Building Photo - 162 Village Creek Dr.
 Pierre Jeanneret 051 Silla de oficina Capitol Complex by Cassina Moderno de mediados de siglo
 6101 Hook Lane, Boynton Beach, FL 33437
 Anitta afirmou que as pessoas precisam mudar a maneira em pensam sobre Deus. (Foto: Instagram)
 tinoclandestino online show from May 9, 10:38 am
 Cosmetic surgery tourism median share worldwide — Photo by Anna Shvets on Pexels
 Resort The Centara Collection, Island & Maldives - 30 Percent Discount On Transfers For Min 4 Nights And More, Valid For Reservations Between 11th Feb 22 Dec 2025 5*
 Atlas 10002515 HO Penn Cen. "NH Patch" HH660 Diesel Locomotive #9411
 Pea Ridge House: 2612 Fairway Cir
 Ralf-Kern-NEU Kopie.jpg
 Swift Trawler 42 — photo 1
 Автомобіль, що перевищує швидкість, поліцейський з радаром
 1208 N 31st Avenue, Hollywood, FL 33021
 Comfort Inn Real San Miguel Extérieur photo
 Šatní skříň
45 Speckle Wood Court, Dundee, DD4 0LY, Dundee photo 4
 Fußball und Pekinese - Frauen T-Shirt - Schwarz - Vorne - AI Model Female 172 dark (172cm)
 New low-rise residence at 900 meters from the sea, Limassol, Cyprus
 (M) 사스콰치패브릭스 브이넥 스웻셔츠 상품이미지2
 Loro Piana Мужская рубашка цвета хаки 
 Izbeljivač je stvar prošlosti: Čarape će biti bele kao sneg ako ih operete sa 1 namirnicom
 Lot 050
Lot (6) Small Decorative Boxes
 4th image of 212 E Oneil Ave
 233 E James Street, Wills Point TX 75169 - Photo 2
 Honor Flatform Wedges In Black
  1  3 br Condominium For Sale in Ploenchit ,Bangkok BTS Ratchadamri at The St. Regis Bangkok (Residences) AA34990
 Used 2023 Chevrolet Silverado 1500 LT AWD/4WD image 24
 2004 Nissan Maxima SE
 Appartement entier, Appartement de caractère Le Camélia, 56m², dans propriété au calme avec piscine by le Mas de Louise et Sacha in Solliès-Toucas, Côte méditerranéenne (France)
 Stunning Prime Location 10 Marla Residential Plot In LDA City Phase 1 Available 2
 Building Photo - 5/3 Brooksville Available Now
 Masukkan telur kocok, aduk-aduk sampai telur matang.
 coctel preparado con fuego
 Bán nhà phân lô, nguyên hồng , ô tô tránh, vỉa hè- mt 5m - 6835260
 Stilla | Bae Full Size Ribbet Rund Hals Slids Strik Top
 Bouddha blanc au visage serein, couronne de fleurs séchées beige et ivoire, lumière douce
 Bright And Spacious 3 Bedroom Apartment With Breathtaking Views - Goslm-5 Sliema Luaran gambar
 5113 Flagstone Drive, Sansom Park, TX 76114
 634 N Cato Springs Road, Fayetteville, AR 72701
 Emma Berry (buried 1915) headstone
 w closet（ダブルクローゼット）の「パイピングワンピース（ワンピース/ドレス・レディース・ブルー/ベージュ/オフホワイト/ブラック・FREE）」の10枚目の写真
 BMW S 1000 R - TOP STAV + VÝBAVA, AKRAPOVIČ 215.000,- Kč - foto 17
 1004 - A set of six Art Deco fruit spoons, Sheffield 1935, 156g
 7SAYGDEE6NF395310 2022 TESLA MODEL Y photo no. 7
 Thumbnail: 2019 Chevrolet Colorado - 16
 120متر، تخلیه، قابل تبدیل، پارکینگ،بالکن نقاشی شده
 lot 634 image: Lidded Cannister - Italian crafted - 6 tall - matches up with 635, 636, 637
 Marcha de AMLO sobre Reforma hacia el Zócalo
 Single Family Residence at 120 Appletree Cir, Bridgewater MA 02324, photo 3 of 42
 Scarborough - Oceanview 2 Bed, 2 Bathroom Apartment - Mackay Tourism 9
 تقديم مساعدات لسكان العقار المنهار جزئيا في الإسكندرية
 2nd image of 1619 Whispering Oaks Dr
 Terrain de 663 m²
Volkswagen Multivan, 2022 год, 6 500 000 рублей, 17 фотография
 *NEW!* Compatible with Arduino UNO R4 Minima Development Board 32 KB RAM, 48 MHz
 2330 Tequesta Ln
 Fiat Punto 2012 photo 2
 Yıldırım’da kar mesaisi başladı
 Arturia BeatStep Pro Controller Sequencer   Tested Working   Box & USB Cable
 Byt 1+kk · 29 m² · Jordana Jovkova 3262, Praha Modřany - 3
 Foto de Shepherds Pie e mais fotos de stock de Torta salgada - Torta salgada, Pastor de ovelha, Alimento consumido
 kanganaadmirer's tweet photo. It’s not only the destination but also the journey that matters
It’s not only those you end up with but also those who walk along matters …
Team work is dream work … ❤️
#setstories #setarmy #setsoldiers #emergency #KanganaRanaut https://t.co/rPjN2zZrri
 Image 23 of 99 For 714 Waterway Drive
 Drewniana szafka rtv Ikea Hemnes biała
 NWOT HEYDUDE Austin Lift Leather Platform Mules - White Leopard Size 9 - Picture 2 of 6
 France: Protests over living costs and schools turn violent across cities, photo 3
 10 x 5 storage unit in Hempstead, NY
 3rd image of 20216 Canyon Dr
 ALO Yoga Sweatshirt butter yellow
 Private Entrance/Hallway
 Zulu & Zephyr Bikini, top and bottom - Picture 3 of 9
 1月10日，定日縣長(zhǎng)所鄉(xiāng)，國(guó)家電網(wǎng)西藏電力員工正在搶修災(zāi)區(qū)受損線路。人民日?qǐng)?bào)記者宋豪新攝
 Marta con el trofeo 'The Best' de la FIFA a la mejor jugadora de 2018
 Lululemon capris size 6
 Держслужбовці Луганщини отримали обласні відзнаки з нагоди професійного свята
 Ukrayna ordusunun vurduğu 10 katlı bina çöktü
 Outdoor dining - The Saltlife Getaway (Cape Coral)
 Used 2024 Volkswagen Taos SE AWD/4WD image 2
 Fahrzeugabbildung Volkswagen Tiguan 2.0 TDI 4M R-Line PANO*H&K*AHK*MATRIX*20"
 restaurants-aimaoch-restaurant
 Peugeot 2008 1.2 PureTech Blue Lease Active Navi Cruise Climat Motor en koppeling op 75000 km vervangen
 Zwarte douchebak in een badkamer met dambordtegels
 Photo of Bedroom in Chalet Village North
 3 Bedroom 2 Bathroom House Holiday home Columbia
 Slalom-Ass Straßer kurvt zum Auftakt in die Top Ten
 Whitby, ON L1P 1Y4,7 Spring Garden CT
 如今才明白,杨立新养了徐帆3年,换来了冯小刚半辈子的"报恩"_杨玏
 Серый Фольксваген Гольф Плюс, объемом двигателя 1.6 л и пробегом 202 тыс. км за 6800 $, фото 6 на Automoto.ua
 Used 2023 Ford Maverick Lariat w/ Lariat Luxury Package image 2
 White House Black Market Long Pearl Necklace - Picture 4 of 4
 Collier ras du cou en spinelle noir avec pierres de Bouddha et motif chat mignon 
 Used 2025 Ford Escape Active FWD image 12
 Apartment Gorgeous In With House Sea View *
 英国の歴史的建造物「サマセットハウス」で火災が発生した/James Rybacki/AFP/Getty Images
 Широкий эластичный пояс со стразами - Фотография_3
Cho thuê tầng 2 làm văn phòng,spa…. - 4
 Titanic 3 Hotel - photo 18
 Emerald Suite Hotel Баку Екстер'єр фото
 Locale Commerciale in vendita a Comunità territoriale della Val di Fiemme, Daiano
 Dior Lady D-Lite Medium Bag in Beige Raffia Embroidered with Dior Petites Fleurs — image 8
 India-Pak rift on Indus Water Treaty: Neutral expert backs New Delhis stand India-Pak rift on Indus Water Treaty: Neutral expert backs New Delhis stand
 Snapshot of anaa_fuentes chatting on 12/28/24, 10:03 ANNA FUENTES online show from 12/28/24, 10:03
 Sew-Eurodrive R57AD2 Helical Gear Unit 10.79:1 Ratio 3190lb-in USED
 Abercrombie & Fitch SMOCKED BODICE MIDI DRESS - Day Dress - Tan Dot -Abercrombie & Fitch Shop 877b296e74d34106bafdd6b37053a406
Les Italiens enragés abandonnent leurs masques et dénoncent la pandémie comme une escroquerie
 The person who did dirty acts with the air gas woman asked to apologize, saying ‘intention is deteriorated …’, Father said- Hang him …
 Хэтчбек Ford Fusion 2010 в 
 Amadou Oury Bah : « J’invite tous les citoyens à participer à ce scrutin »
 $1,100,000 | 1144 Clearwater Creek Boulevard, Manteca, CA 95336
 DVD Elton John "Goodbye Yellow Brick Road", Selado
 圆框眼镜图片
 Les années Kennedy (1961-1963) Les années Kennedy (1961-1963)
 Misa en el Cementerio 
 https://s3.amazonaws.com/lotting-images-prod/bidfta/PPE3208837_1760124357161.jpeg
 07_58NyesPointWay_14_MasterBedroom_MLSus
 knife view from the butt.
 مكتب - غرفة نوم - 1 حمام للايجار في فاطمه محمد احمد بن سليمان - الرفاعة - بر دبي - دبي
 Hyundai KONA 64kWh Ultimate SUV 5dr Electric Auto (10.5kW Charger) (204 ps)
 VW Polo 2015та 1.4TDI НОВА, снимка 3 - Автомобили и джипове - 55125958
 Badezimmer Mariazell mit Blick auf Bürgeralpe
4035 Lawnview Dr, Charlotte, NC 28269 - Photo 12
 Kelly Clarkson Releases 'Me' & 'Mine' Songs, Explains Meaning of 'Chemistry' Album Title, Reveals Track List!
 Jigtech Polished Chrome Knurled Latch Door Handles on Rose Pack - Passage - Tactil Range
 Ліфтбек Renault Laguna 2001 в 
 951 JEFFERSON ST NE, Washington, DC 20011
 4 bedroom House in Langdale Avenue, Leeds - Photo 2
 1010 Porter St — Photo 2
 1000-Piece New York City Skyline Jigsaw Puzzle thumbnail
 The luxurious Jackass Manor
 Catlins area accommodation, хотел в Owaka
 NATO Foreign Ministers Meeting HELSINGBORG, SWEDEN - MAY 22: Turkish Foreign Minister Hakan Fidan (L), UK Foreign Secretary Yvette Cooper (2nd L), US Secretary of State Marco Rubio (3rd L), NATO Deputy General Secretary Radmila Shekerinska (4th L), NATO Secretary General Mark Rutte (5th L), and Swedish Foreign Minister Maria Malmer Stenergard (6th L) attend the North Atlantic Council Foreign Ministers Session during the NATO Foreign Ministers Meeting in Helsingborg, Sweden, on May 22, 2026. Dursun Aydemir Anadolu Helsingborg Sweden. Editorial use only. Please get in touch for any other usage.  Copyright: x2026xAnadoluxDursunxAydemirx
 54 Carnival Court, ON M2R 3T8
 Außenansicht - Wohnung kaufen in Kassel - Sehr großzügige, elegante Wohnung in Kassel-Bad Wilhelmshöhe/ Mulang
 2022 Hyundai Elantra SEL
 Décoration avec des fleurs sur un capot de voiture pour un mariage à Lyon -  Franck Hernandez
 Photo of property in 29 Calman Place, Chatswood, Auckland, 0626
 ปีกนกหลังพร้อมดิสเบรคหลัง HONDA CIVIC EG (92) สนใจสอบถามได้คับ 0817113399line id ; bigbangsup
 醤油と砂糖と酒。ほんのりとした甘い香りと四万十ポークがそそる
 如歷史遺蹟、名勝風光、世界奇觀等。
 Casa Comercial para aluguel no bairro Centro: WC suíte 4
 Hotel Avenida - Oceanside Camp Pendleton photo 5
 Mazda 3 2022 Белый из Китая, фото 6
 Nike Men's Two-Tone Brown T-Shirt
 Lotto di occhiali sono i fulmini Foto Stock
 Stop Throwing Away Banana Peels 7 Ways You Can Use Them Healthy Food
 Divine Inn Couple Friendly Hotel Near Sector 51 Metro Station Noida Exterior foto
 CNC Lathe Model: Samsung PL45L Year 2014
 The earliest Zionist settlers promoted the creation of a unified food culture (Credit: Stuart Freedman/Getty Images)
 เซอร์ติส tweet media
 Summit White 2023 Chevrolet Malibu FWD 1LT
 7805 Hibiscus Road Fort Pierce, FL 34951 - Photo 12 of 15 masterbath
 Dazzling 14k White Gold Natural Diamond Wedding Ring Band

□ □ □ □

Assigned task ::
The output should be exactly the lines above from the line containing "Slalom-Ass Straßer kurvt" to the line containing "Hyundai KONA 64kWh", inclusive, with no other lines.

Exercise solution ::
 Slalom-Ass Straßer kurvt zum Auftakt in die Top Ten
 Whitby, ON L1P 1Y4,7 Spring Garden CT
 如今才明白,杨立新养了徐帆3年,换来了冯小刚半辈子的"报恩"_杨玏
 Серый Фольксваген Гольф Плюс, объемом двигателя 1.6 л и пробегом 202 тыс. км за 6800 $, фото 6 на Automoto.ua
 Used 2023 Ford Maverick Lariat w/ Lariat Luxury Package image 2
 White House Black Market Long Pearl Necklace - Picture 4 of 4
 Collier ras du cou en spinelle noir avec pierres de Bouddha et motif chat mignon 
 Used 2025 Ford Escape Active FWD image 12
 Apartment Gorgeous In With House Sea View *
 英国の歴史的建造物「サマセットハウス」で火災が発生した/James Rybacki/AFP/Getty Images
 Широкий эластичный пояс со стразами - Фотография_3
Cho thuê tầng 2 làm văn phòng,spa…. - 4
 Titanic 3 Hotel - photo 18
 Emerald Suite Hotel Баку Екстер'єр фото
 Locale Commerciale in vendita a Comunità territoriale della Val di Fiemme, Daiano
 Dior Lady D-Lite Medium Bag in Beige Raffia Embroidered with Dior Petites Fleurs — image 8
 India-Pak rift on Indus Water Treaty: Neutral expert backs New Delhis stand India-Pak rift on Indus Water Treaty: Neutral expert backs New Delhis stand
 Snapshot of anaa_fuentes chatting on 12/28/24, 10:03 ANNA FUENTES online show from 12/28/24, 10:03
 Sew-Eurodrive R57AD2 Helical Gear Unit 10.79:1 Ratio 3190lb-in USED
 Abercrombie & Fitch SMOCKED BODICE MIDI DRESS - Day Dress - Tan Dot -Abercrombie & Fitch Shop 877b296e74d34106bafdd6b37053a406
Les Italiens enragés abandonnent leurs masques et dénoncent la pandémie comme une escroquerie
 The person who did dirty acts with the air gas woman asked to apologize, saying ‘intention is deteriorated …’, Father said- Hang him …
 Хэтчбек Ford Fusion 2010 в 
 Amadou Oury Bah : « J’invite tous les citoyens à participer à ce scrutin »
 $1,100,000 | 1144 Clearwater Creek Boulevard, Manteca, CA 95336
 DVD Elton John "Goodbye Yellow Brick Road", Selado
 圆框眼镜图片
 Les années Kennedy (1961-1963) Les années Kennedy (1961-1963)
 Misa en el Cementerio 
 https://s3.amazonaws.com/lotting-images-prod/bidfta/PPE3208837_1760124357161.jpeg
 07_58NyesPointWay_14_MasterBedroom_MLSus
 knife view from the butt.
 مكتب - غرفة نوم - 1 حمام للايجار في فاطمه محمد احمد بن سليمان - الرفاعة - بر دبي - دبي
 Hyundai KONA 64kWh Ultimate SUV 5dr Electric Auto (10.5kW Charger) (204 ps)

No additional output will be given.